“If I manage to transform a human heart, that will be the beginning of political change”

11/30/2022 at 12:39 p.m.

TEC


While waiting for his celebrated book of stories, ‘Liberation Day’, to be published next year, the considered best American short story writer launches ‘Zorro 8’, an environmental fable disguised as naivety

On the other side of the computer screen, at his home in Los Angeles, George Saunders (63 years old), possibly greatest living american short story writer -a title that can be disputed by no more than three or four of his colleagues- explains the origin of one of the most significant characteristics of his writing: the truth transmitted by the voices and monologues that support his stories, those of those normal people bound to abnormal situations. In his case, everything was born out of necessity, he says. “In the Chicago of my childhood, you could only be cool if you were handsome or sporty. and I was neither of those two things. But there was another way to attract attention: to imitate the famous or even better, to imitate the professor. But the top of that whole process was to invent a character with his biography and his voice. Even today I can’t tell a story if I don’t have a voice. The thing goes like this: someone talks and I let him talk to tell that story & rdquor ;.

With a not very extensive career that includes books of stories as fascinating as ‘Pastoralia’, as perfect as ‘December 10’ and an eccentric novel, the only one for the moment, ‘Lincoln on the Bard’, with which he obtained Bookerthe last voice Saunders has encountered is that of an animal, a good-natured fox, capable of quoting Dickensbut unable to write correctly because he learned the language of ‘humans’ by listening to a mother tell stories to her children.

‘Fox 8’ (Seix Barral) Originally published in the British newspaper ‘The Guardian’, it is an apparently compassionate fable that could be mistaken for a kind story for children if it weren’t for the issues it addresses, our responsibility towards all living beings and the defense of the environment. , they have little naive. Waiting for the book of stories ‘Liberation Day’ that has just come out in the United States -it will do so here next year- and which is arousing rave reviews from colleagues such as Jonathan Franzen or Zadie Smith, this little book illustrated by Chelsea Cardenal is entertainment in which charm does not exclude social criticism. And there it is very difficult not to think about the ‘Fantastic Mr. Fox’ by Roald Dahl (and Wes Anderson).

our house falls

“I wasn’t really aware that I was writing an environmental fable until I finished it. I wanted to make this fox who has difficulties with writing talk, and for this reason, instead of lowering the level of communication with the reader, he would amplify it because the result is very funny,” says George Saunders, just getting out of bed. aware that very little progress has been made in the recent climate summit in Egypt. “My feeling is that our house is collapsing while the most beloved member of the family, your mother for example, is in there. So this story has something of a request, of a call. And that’s the only thing I can do: tell a story, but if I manage to transform a human heart, that will already be the beginning of political change.”

Political change is a key concept for an author who is not afraid of the idea. For him any story, even the apparently furthest away, has that reading. Give as an example a story by Chekhov, ‘The sadness’in which a coachman whose son has died wants to transfer his grief to those who rent the sleigh he drives and who do not stop to listen to him. “That story is political, you multiply it by a million and you have the Russian Revolution& rdquor;ditch.

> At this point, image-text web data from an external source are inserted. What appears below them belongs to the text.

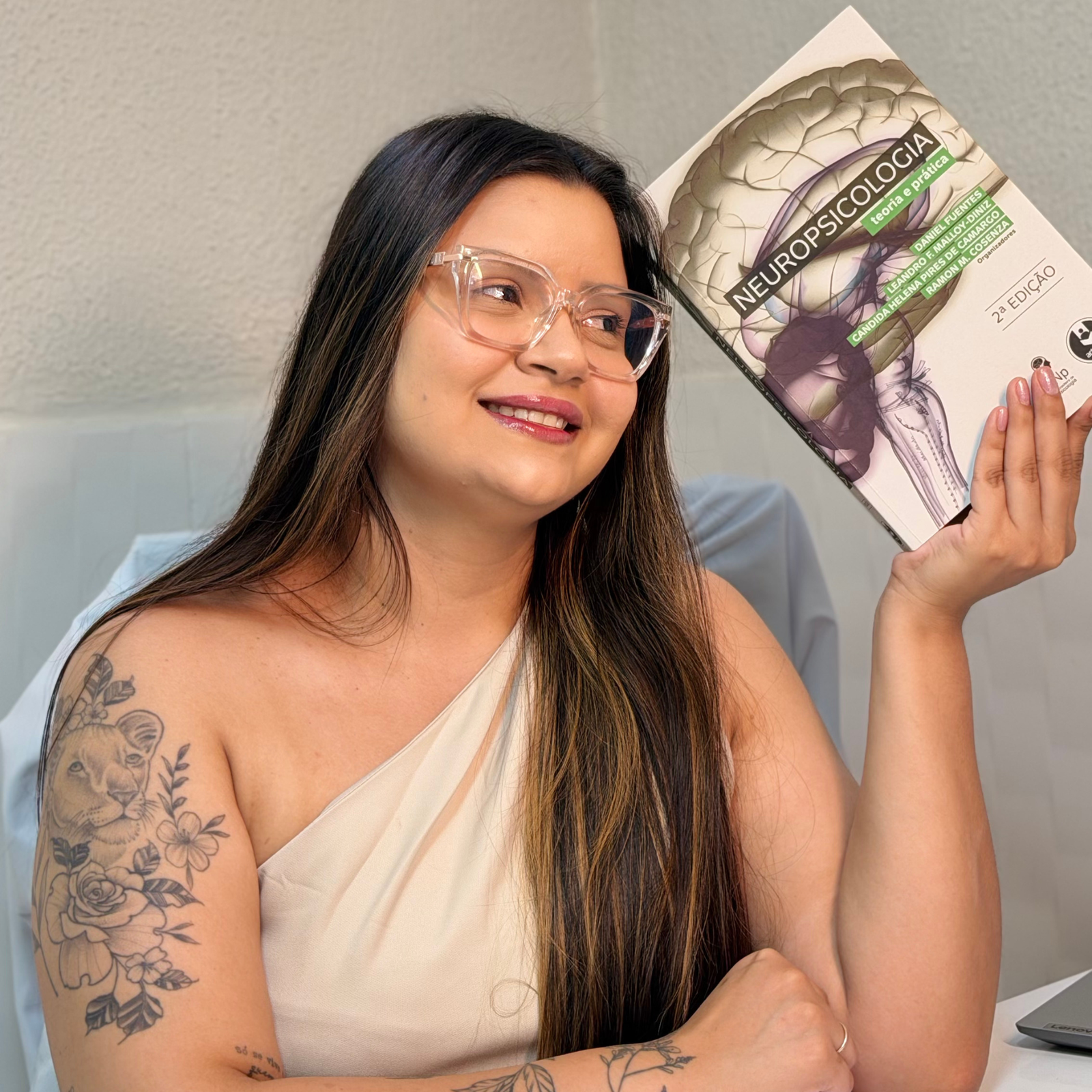 Irisneide Souza - Psicóloga e Neuropsicóloga especialista em TEA e avaliação neuropsicológica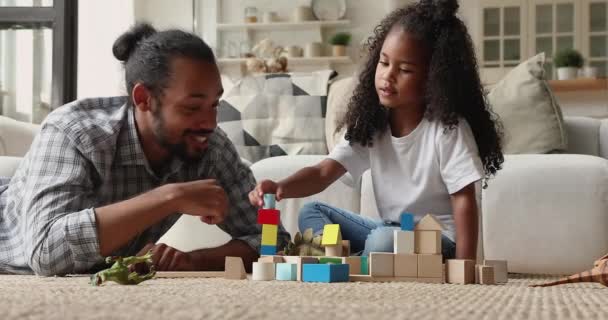 Cheerful African dad play with daughter wooden cubes at home — Stock Video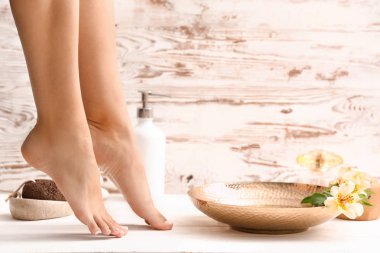 Güzellik salonunda spa pedikür tedavisi sonrası genç kadın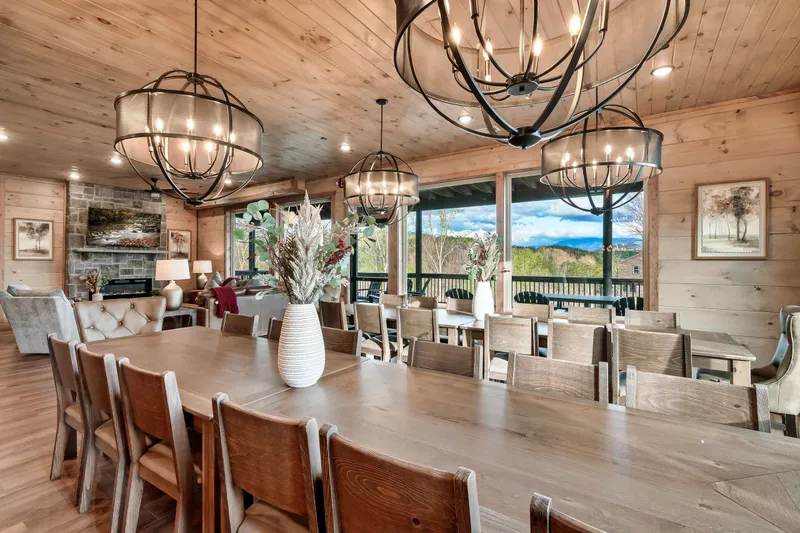 MOUNTAIN MASTERPIECE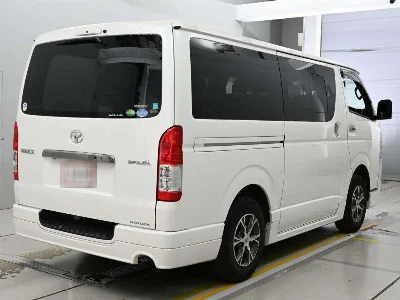 TOYOTA HIACE VAN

Why did they vote for Trump?

However, Saunders has been much more specific. Especially in the chronicles written for ‘The New Yorker’ in which he has tried understand while rejecting the voters of Trump. “Trump cannot be blamed for everything that happened then. He simply set fire to the discontent of many citizens, something that people on the left did not know how to perceive. Fortunately, I think that we have somewhat repaired the damage that the previous president caused, perhaps because many republicans are fed up with extremism. What worries me the most now is that concept of post-truth that is still with us and that going to be very difficult to eradicate because conspiracy it is very widespread. A writer has to be sensitive to these things.”

This empathic sensitivity that marks his writing is closely linked to the practice of buddhism which he has maintained for 20 years. “Buddhism has taught me that I am linked to all creatures and that for this reason to seclude myself in my space and defend it is just a meaningless illusion & rdquor ;, she explains. The author developed this idea in his now famous speech to the students of Syracuse University, ‘Happiness, by the way’, which went viral, in which he dared to defend a value as simple – and so easy to confuse with the philosophy of Mr. Wonderful – as being kind. Like his fox and just as kind as he is, Saunders wants to understand why we humans do what we do. Why can we be so creative and so bad at the same time? That’s why I use fiction, to ask myself questions, maybe I won’t find the answers, but that’s the magic of fiction. If I can be kind my world will be better, that helps me move away from hopelessness & rdquor ;.